In de Middeleeuwen werd gewoonlijk met de vingers gegeten, Er bestond ook wel metaal bestek, vooral messen maar ook wel lepels werden veelvuldig gebruikt. Vooral in het begin van de middeleeuwen was metalen bestek nog vrij kostbaar, en alleen weggelegd voor de welgestelde burgers. Messen weden toen vooral gebruikt om voedsel te snijden en als een soort vork. Vorken bestonden toen wel, maar werden eigenlijk niet gebruikt voor het eten zelf, maar voor het bereiden. Vroeg metaal bestek werd vooral van (geel)koper, en zilver gemaakt, deze werden dan uit een plaat geknipt en vervolgens in vorm gehamerd. In de late 14e eeuw maar vooral de 15e eeuw doet tin zijn intreden, hierin konden lepels, snel en goedkoop, gegoten worden. Het hoogtepunt van tin gebruik in Nederland ligt in de 15e en 16e eeuw, in de loop van de 17e en18e eeuw werd het tin steeds verder verdrongen door anderen, nu ook gegoten, metalen zoals geelkoper en zilver.
Van oorsprong kennen we twee soorten tin;
Hardtin, dit was de 1e kwaliteit en werd gemaakt door een vermenging van rood koper met oud tin, en werd vooral in Engeland gebruikt.
Roostin of ook wel Kroontin de 2e kwaliteit en werd verkregen door de extra toevoeging van circa 10% lood.
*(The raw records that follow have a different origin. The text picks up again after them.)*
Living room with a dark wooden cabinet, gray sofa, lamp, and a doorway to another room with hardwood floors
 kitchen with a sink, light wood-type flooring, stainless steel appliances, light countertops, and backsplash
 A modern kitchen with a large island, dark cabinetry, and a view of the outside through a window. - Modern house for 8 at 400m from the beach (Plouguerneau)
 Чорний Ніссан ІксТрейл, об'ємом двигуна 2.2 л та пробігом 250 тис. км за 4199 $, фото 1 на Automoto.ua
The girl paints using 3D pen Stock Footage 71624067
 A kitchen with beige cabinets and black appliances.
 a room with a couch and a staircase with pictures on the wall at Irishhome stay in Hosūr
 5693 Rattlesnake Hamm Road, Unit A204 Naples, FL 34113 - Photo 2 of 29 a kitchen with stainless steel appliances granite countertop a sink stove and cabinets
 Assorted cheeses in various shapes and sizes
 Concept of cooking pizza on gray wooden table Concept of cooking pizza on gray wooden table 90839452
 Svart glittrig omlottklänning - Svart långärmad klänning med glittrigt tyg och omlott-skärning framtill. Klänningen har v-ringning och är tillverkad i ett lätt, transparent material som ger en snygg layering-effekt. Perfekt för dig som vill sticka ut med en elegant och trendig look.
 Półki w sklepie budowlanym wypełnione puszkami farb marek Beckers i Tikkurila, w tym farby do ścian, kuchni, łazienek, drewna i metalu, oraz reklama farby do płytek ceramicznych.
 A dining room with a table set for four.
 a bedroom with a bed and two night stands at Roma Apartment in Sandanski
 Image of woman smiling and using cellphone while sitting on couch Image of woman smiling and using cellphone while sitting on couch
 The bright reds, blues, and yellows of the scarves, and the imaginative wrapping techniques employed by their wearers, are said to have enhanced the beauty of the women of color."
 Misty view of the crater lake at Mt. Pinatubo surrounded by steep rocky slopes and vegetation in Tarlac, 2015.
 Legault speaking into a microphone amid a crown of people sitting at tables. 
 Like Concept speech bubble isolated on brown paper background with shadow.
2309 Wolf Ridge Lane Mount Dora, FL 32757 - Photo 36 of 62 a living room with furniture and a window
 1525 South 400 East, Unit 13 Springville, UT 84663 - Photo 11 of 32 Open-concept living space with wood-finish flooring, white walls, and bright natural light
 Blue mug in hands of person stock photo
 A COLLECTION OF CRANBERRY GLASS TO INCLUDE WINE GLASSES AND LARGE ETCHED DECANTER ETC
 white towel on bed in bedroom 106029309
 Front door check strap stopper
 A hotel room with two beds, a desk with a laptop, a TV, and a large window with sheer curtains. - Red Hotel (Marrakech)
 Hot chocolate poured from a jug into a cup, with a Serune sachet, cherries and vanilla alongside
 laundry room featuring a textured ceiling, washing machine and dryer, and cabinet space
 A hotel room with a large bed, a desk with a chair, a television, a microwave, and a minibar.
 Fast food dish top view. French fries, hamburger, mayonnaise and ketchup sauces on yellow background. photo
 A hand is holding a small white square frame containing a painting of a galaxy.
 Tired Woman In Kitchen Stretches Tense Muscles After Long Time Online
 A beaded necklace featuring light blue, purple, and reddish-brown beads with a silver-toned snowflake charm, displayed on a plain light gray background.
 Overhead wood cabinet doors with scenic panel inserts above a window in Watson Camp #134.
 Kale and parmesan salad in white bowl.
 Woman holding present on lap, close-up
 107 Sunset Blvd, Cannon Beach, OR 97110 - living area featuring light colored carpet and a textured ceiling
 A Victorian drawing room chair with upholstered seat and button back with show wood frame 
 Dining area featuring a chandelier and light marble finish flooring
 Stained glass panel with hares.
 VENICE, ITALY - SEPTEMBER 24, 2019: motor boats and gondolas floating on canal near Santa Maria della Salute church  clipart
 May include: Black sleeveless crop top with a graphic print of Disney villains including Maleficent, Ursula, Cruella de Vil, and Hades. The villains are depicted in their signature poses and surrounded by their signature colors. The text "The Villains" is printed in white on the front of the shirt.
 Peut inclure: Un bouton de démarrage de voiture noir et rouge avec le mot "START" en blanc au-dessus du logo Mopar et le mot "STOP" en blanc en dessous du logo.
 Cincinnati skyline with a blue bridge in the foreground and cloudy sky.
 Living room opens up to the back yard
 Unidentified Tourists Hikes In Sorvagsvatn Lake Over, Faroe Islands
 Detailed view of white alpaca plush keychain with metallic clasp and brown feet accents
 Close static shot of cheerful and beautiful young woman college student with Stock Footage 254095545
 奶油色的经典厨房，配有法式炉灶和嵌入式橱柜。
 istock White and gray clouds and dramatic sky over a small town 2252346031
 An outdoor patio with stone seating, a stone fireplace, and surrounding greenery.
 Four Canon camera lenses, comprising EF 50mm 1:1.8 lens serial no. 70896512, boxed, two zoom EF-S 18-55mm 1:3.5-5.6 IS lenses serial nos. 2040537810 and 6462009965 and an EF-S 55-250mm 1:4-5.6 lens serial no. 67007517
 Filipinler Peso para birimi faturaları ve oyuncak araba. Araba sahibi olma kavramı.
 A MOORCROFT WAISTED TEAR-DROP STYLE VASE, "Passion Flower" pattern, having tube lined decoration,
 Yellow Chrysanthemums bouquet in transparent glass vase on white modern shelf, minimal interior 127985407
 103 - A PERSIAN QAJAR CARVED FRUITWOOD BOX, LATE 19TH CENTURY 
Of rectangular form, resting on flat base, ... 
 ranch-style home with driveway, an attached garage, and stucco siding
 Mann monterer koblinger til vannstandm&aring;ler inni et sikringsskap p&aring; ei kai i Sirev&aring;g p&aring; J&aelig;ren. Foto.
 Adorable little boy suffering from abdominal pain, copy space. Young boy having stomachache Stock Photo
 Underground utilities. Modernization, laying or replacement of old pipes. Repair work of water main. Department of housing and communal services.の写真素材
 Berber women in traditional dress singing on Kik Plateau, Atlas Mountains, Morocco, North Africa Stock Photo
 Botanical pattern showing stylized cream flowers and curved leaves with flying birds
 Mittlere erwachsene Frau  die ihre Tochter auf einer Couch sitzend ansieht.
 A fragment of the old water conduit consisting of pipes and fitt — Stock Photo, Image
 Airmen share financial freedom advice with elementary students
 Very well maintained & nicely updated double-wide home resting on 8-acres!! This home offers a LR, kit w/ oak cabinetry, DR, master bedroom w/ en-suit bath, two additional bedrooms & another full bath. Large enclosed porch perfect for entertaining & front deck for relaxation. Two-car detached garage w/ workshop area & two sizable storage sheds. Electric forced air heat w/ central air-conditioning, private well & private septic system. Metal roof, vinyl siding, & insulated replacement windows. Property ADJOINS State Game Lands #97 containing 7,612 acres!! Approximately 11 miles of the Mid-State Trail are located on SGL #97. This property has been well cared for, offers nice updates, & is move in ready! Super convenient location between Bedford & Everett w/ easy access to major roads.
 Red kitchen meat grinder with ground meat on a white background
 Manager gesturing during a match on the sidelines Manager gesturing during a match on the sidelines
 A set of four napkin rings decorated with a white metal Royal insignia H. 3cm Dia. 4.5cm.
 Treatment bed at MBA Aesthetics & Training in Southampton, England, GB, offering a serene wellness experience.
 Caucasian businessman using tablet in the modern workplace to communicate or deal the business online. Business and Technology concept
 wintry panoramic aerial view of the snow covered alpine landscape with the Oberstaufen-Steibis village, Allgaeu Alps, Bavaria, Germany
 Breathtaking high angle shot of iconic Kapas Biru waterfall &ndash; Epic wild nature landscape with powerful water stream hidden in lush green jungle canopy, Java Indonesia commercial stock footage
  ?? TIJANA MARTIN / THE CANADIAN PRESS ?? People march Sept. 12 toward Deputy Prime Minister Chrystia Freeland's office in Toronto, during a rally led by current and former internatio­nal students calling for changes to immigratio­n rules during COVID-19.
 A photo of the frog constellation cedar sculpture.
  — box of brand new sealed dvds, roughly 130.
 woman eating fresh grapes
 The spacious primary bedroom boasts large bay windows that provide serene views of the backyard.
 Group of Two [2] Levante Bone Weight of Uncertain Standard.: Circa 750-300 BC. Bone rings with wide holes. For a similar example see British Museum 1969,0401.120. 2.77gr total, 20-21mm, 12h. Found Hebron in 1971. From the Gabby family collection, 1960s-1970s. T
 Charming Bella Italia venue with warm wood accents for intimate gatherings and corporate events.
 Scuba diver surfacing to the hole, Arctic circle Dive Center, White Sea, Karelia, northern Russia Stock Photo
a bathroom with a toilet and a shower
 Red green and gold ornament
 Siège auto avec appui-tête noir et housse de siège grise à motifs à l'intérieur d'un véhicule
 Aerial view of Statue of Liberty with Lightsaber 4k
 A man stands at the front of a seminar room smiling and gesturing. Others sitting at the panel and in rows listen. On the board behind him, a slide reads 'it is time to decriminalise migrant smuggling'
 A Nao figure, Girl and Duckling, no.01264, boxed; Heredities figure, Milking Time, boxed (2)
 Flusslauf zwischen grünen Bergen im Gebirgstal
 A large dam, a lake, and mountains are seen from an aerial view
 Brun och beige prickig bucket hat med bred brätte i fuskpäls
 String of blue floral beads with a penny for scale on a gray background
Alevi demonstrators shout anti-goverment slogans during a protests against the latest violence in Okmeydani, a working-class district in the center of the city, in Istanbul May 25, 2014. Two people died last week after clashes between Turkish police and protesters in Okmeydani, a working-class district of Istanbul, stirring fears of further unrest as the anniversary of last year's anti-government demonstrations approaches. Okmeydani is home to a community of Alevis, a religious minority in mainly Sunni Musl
In Nederland waren verschillende centrums voor tinproductie te vinden, maar Engeland is altijd de grootste en belangrijkste tin producent geweest. Binnen het Nederland tin bestond er verschil tussen fijn en onfijn tin. Soms werd tinnen gebruiksvoorwerpen gemerkt door de maker, aan de hand van dit merk zijn deze voorwerpen nauwkeurig te dateren.